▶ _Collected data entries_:
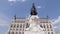 Moving tilt up view around monument in front of Hungarian Parliament Building in sunny day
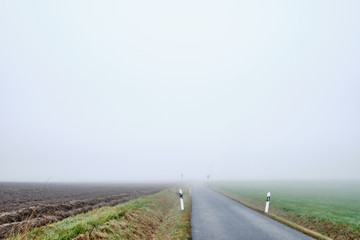 Countryside road to nowhere -  narow street with diminishing perspektive leading into the fog. Seen in Germany near Oedenberg, Bavaria in October.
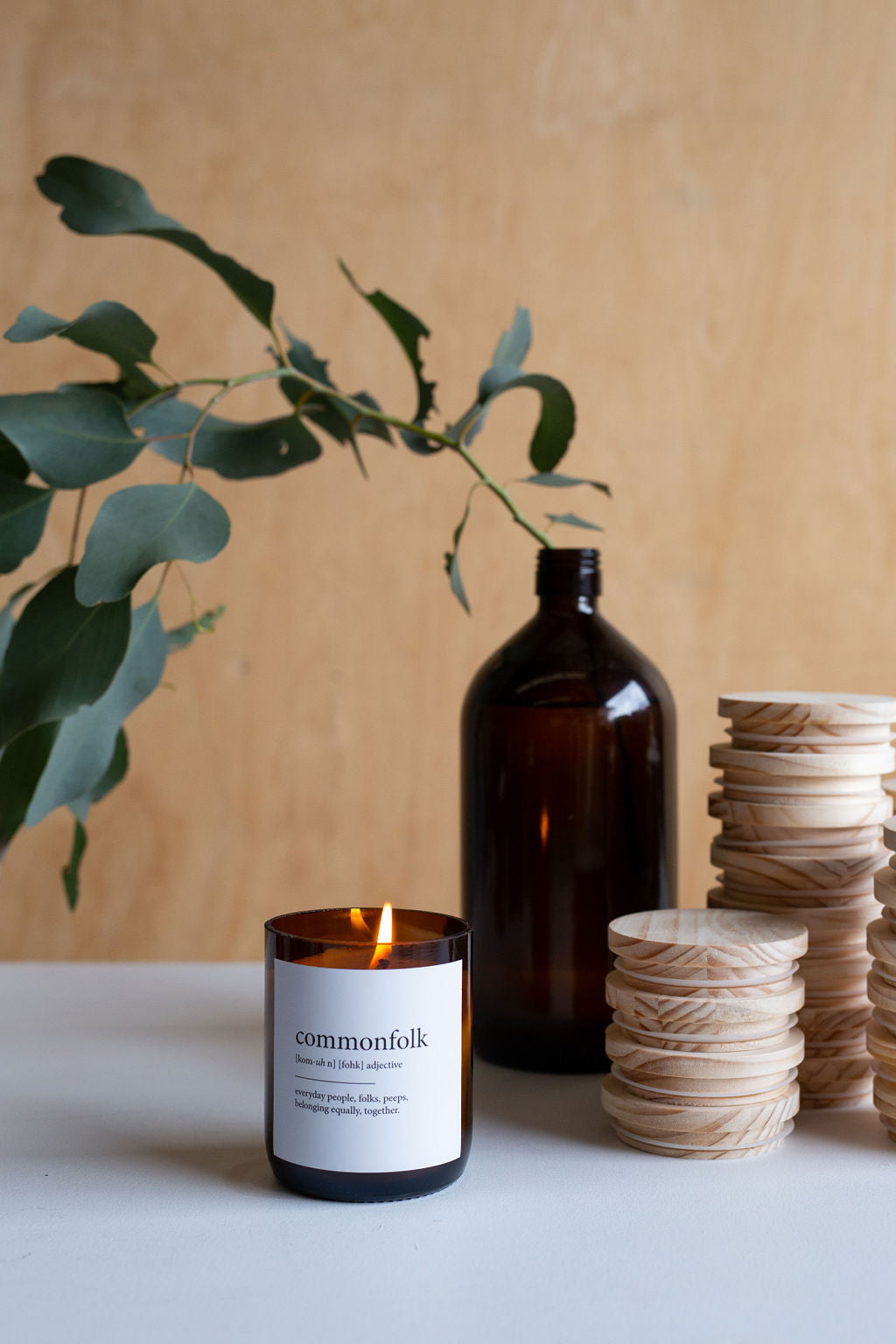 A candle on a table beside wooden lids creates a warm and inviting dining atmosphere.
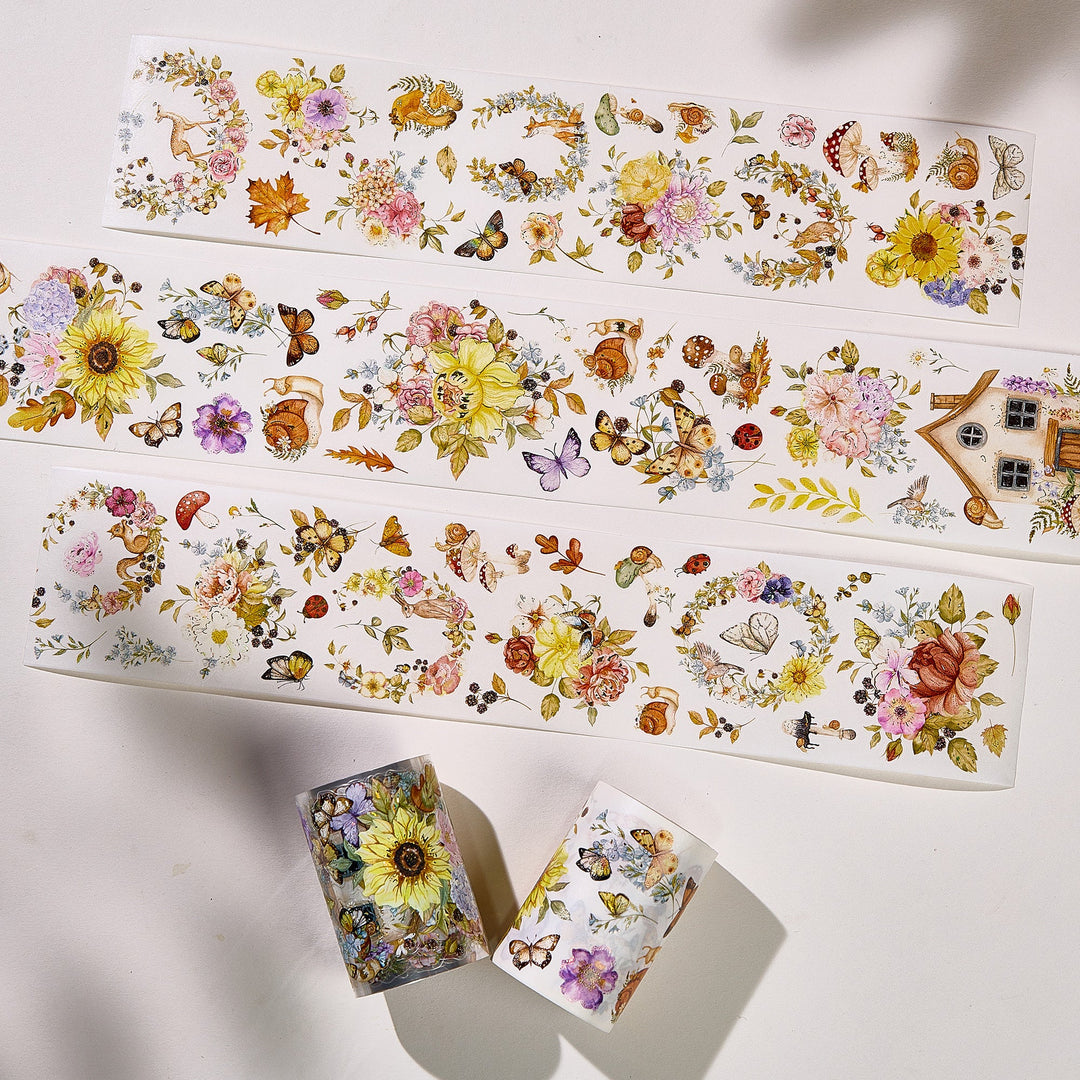 Strips of The Washi Tape Shop Golden Harvest Wide Washi/PET Tape beside the washi and PET rolls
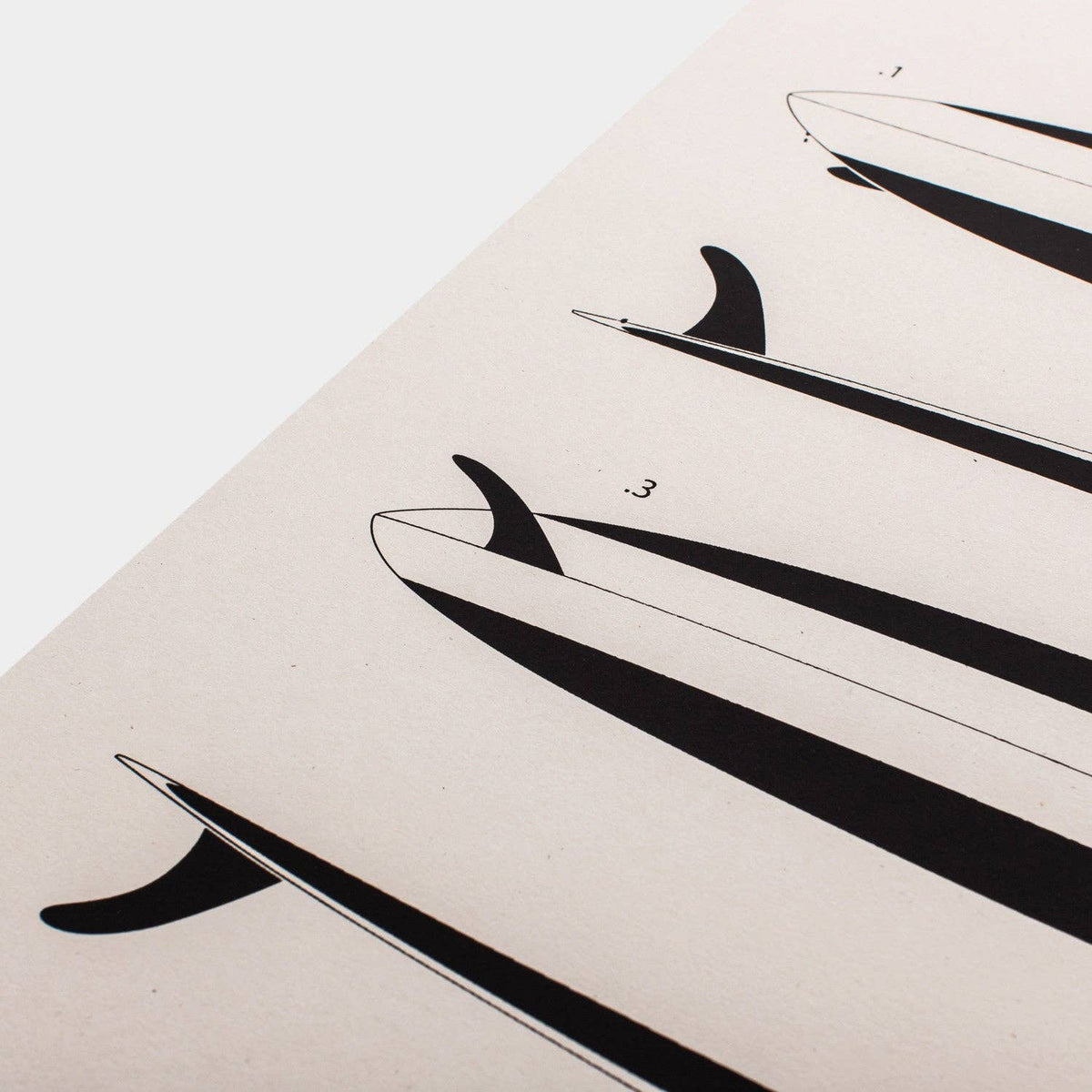 A minimalist art print featuring black surfboard fin silhouettes on a warm off-white paper background, photographed at an angle against a clean white backdrop.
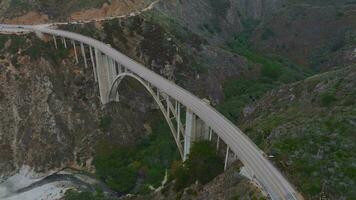 de grote Oceaan oceaan wast op de mooi kust van Californië, niet ver zuiden van Monterey. antenne schot van bixby kreek brug Aan de groot sur kust van Californië. video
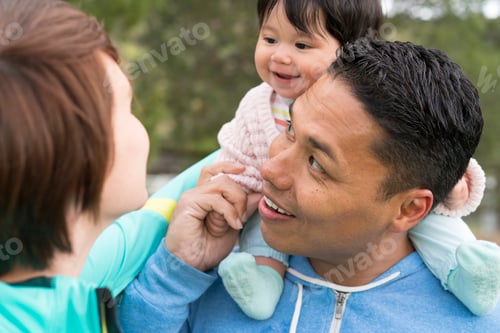 Preview: Couple playing piggyback ride with baby in park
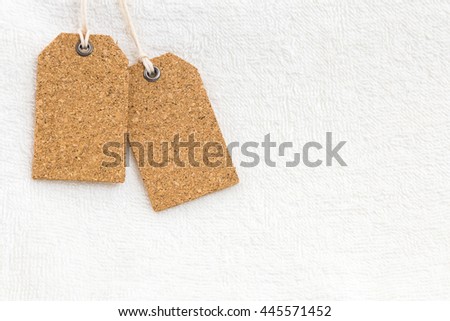 Blank natural cork label tag on white towel texture.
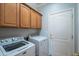 Laundry room with washer, dryer, and upper cabinets at 13414 W Micheltorena Dr, Sun City West, AZ 85375
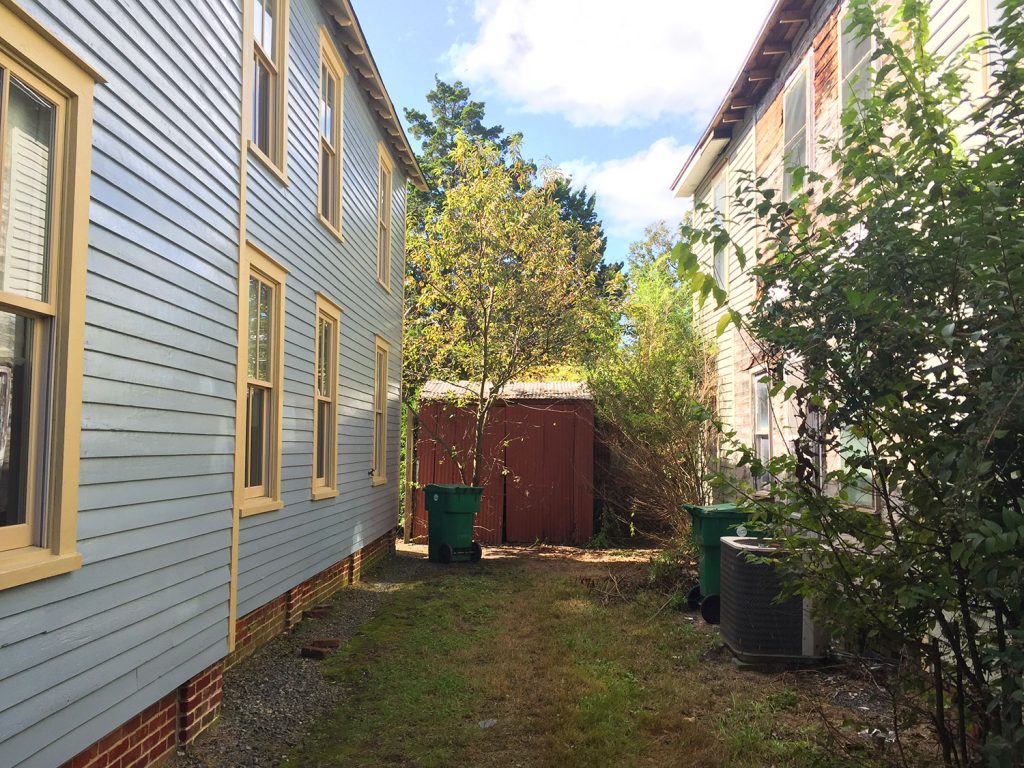 Before View Down Side Yard Of Beach House With Rusted Shed And Trees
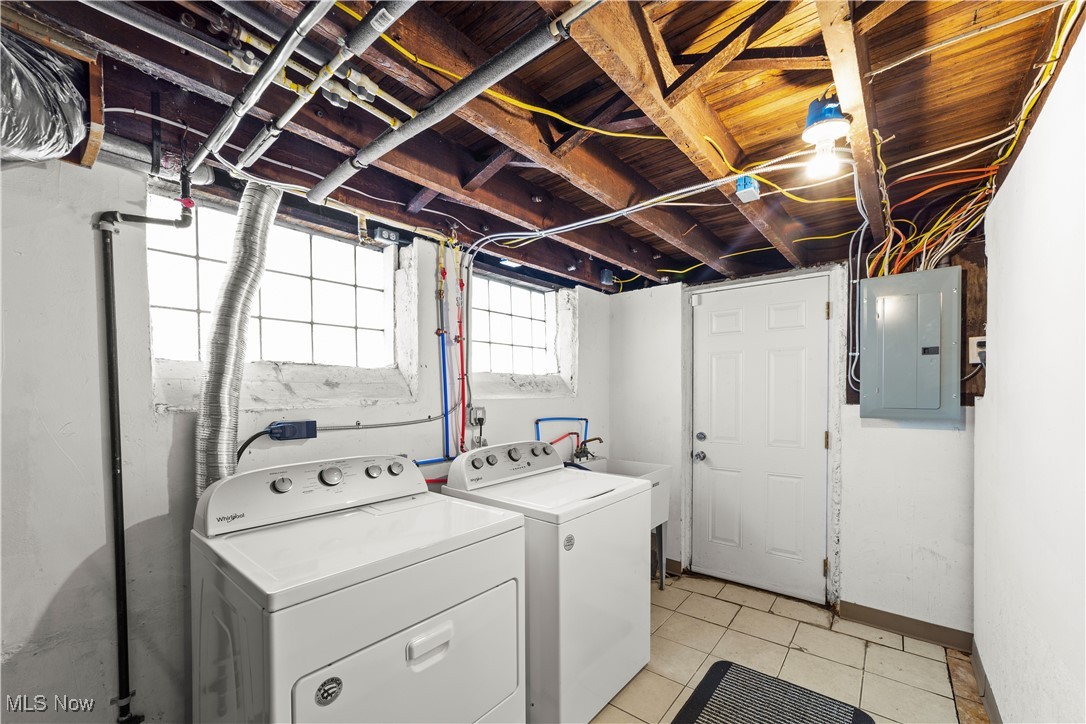 14420 Superior Road Cleveland, OH 44118 - Photo 38 of 44 Laundry room with washer and dryer, electric panel, and light tile patterned flooring
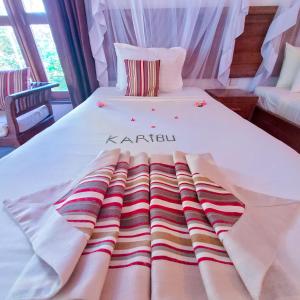 a white bed with a karlin blanket on it at Zanzibar Bahari Villas in Matemwe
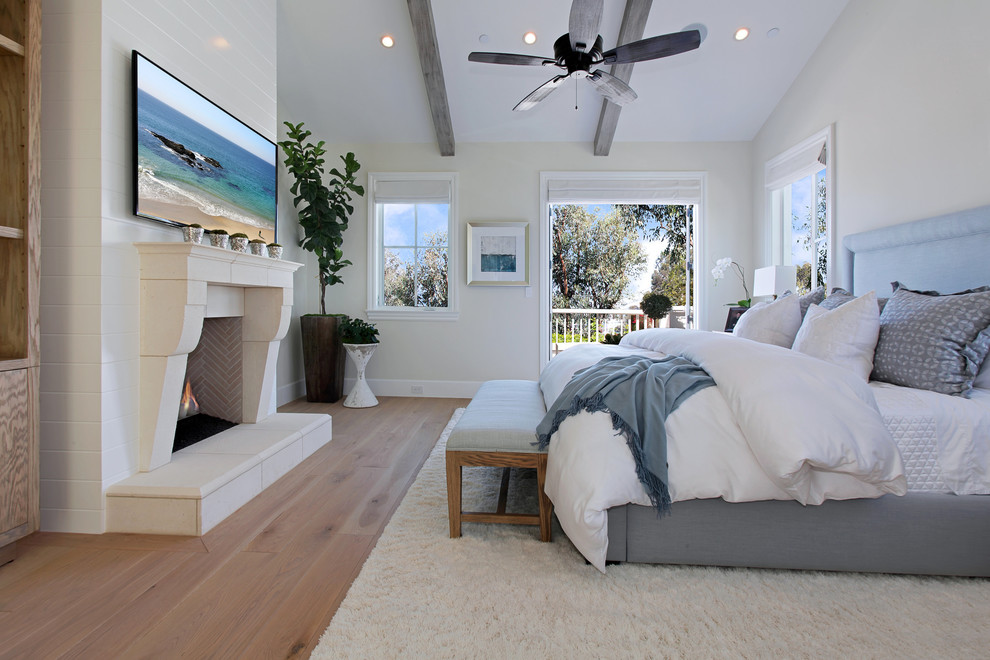 Maritimes Schlafzimmer mit weißer Wandfarbe, braunem Holzboden und Kamin in Orange County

▶ _Your goal_:
Repeat every entry above exactly as written and omit any pictures it holds.

▶ _Answer for the task_:
 Moving tilt up view around monument in front of Hungarian Parliament Building in sunny day
 Countryside road to nowhere -  narow street with diminishing perspektive leading into the fog. Seen in Germany near Oedenberg, Bavaria in October.
 A candle on a table beside wooden lids creates a warm and inviting dining atmosphere.
 Strips of The Washi Tape Shop Golden Harvest Wide Washi/PET Tape beside the washi and PET rolls
 A minimalist art print featuring black surfboard fin silhouettes on a warm off-white paper background, photographed at an angle against a clean white backdrop.
 de grote Oceaan oceaan wast op de mooi kust van Californië, niet ver zuiden van Monterey. antenne schot van bixby kreek brug Aan de groot sur kust van Californië. video
 Preview: Couple playing piggyback ride with baby in park
 Blank natural cork label tag on white towel texture.
 Laundry room with washer, dryer, and upper cabinets at 13414 W Micheltorena Dr, Sun City West, AZ 85375
 Before View Down Side Yard Of Beach House With Rusted Shed And Trees
 14420 Superior Road Cleveland, OH 44118 - Photo 38 of 44 Laundry room with washer and dryer, electric panel, and light tile patterned flooring
 a white bed with a karlin blanket on it at Zanzibar Bahari Villas in Matemwe
 Maritimes Schlafzimmer mit weißer Wandfarbe, braunem Holzboden und Kamin in Orange County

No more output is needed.